The Battle of Yavin is like 30 ships on maybe 100 because of two main reasons, I'd submit:
1. It was based in large part on historical, real dogfight footage; and
2. Filming and compositing that many things was already a montrously-difficult chore for which ILM practically had to invent equipment to manage.
I happen to think that most of the other battles in the prequel trilogy should have been more like the Battle of Yavin: fewer ships, more real drama. These huge-ass zillion-person space battles are meaningless eye candy. I mean, buzz droids? What crap. Part of what makes the Yavin battle gripping is the fact that it's closer to reality (i.e. real footage of real aerial battles) than the video game-like stuff from the PT. Especially Ep III: you don't see Anakin and Obi-Wan (nor any clones) actually do any real fighting against real adversaries. They fly around, do some fancy-ass rolls, make some droll comments, send several clones to their deaths, and then mosey on up to a heavily-defended starship that happens to have a critical component for the shields mounted on the outside of the ship, and presumably not covered by shields itself. If you want to talk about inconsistencies in plot, etc., why not toss that around for a bit?
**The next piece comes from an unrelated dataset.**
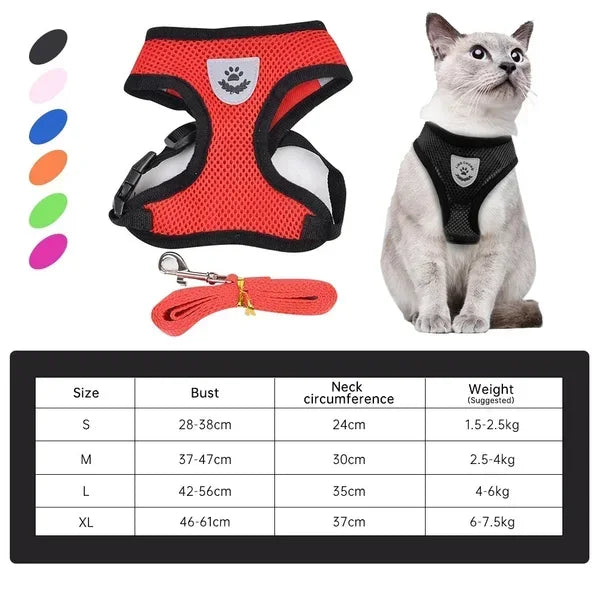 Breathable Mesh Harness & Leash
Also, it's hard to comprehend now -- more than 30 years later -- just how absolutely brilliant the engineers at ILM in 1975/76 were, to be able to "film" a battle of spaceships and make it look really convincing. In my opinion, now that you can just plop in a thousand other elements with a few mouse clicks and composite the whole thing without half trying doesn't mean you should plop in a thousand other elements.